Still, the Virgin incident could pale into insignificance compared with the expected passenger revolt at KLM. Royal Dutch Airlines introduces a smoking ban on all its European flights on 29 October. According to Bureau Voorlichting Tabak, a not-entirely-unbiased tobacco lobby, this will result in a quarter of all Dutch passengers switching to another airline. KLM is unbowed, claiming that its non-smoking policy will attract more passengers than it loses. Probably from Virgin.
Tomorrow sees the launch of the keenly awaited Corporate Strategies of the Top 100 UK Companies of the Future. Published by McGraw Hill, the seminal work has been compiled by the Corporate Research Foundation, working in cahoots with a platoon of Financial Times hacks. It was due out in April.
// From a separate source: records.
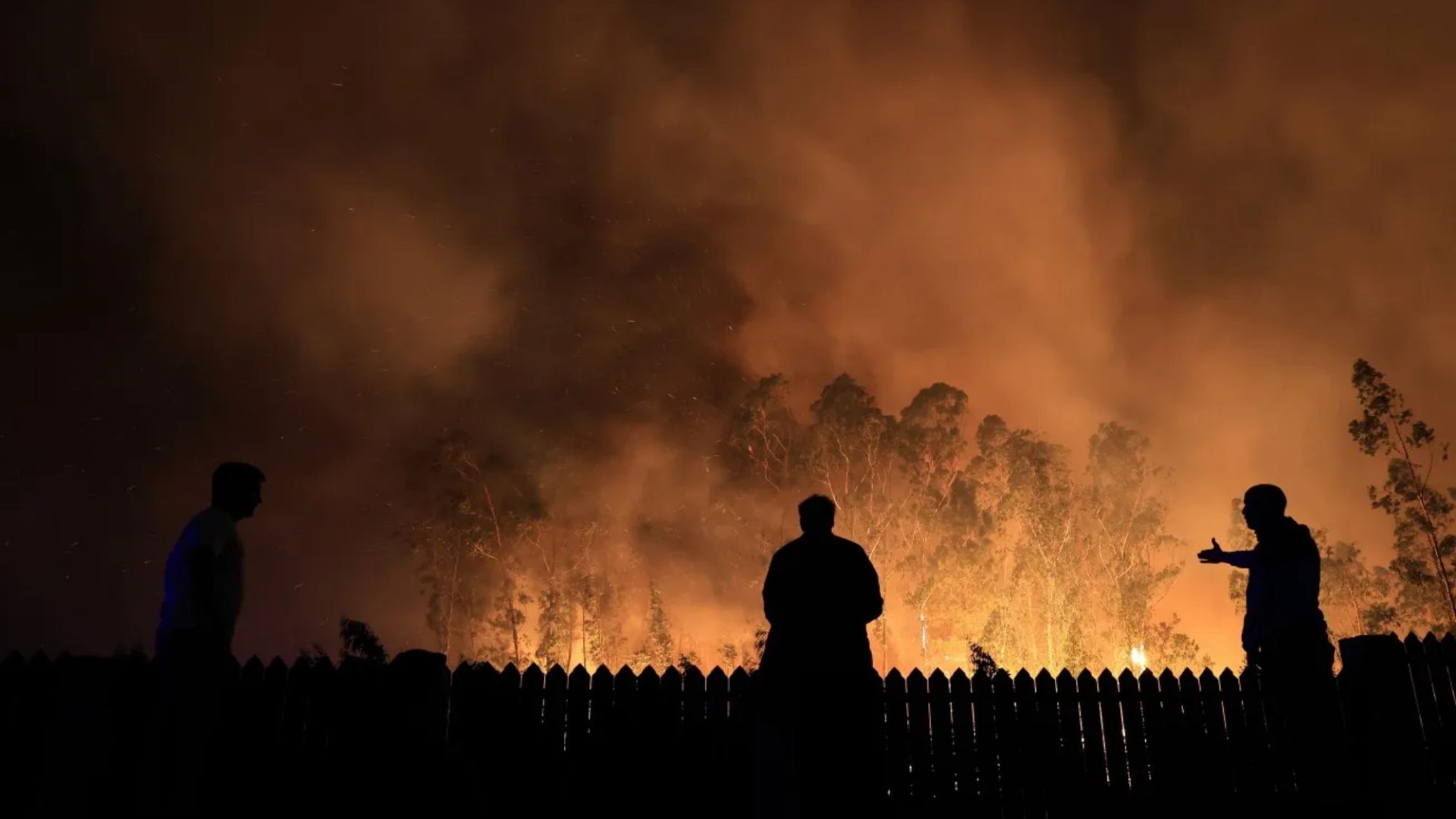 Portugal wildfires 2024: is it safe to travel or should I cancel my holiday?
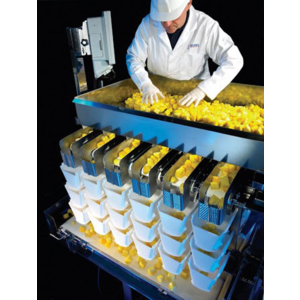 Peseuse associative linéaire CCW-R2-106B-S/15-WP-BE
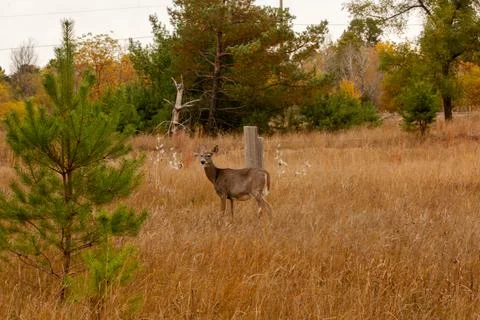 A deer in a field Foto stock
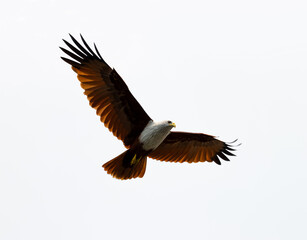 Fototapeta na wymiar eagle in flight - Goa, India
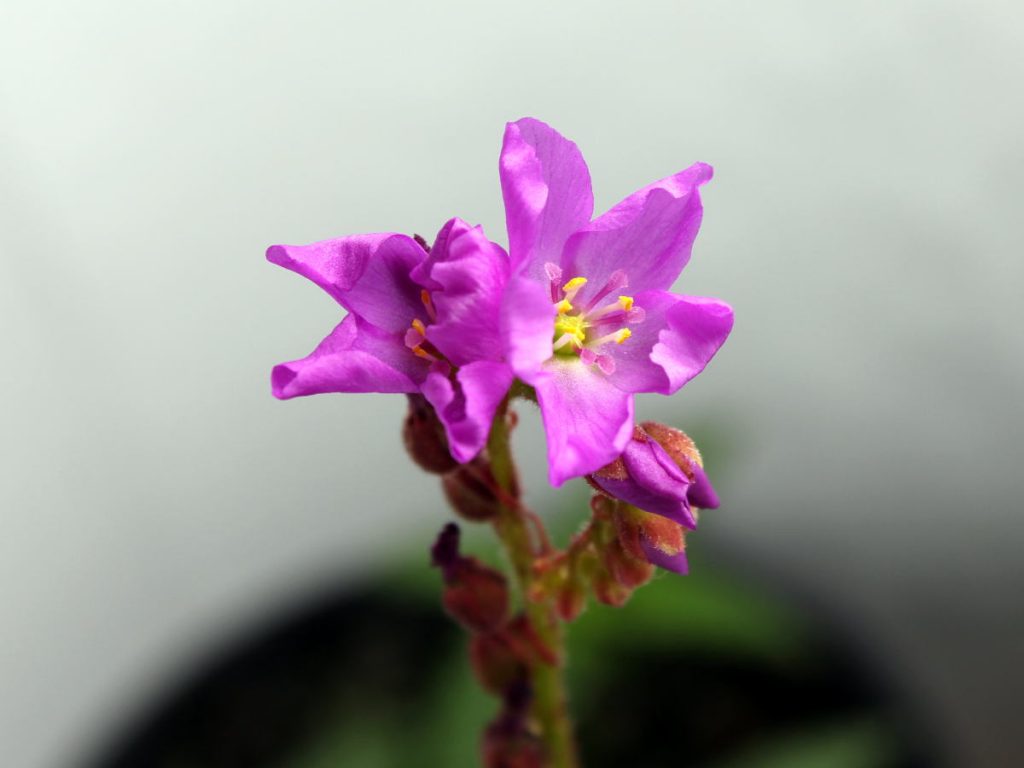 Drosera capensis flower. Flowers only last a few hours, but when they start, they set new flowers for quite some time.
The surprise among the predictable entries - Marks & Spencer, British Airways, Glaxo Wellcome and Rentokil - is Davies Arnold Cooper, the law firm best known for working with victims of the Piper Alpha disaster, the Hillsborough tragedy and the Bradford football stadium fire. Led by the never knowingly undersold David Mackintosh (he of the Oxford Union debates et al.) the firm now boasts annual fee income of pounds 30m.
The burning question is why the delay in publication? Some have suggested that it was to allow further research on Pearson. Unhappily the FT owner is still not included.
Seen in the window of the Nextep employment agency in London's Coopers Row:
"Russian-speaking PA to MDir of Russian Oil company, SW1 - pounds 16K. Free bottle of vodka to 1st applicant to walk thru the door.''
The casting of the film of the Barings disaster is proving to be trickier than at first thought. Our sources in the Frankfurt slammer report that Nick Leeson, architect of the pounds 1bn brouhaha, is not happy at the suggestion of Hugh Grant for the lead. For that matter he is not wild about Miranda Richardson in the supporting role of his beloved wife, claiming that she is too old.
The actor Mr Leeson thinks will best portray him is Nick Berry, the saturnine former Eastenders star. As for the role of Ms Leeson, we are happy to screen hopefuls for a fee.